Dataset records:

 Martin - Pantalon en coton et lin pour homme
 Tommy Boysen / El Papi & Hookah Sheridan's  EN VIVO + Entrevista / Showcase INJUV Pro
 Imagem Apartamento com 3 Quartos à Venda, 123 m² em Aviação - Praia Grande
...
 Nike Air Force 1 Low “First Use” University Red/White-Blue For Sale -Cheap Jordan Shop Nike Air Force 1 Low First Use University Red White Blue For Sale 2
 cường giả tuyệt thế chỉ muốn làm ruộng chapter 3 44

Exercise prompt: Look above for the line holding "Blue For Sale 2". Print it and every line after it, exactly, through the line holding "cường giả tuyệt".

Result of this task:
 Nike Air Force 1 Low “First Use” University Red/White-Blue For Sale -Cheap Jordan Shop Nike Air Force 1 Low First Use University Red White Blue For Sale 2
 cường giả tuyệt thế chỉ muốn làm ruộng chapter 3 44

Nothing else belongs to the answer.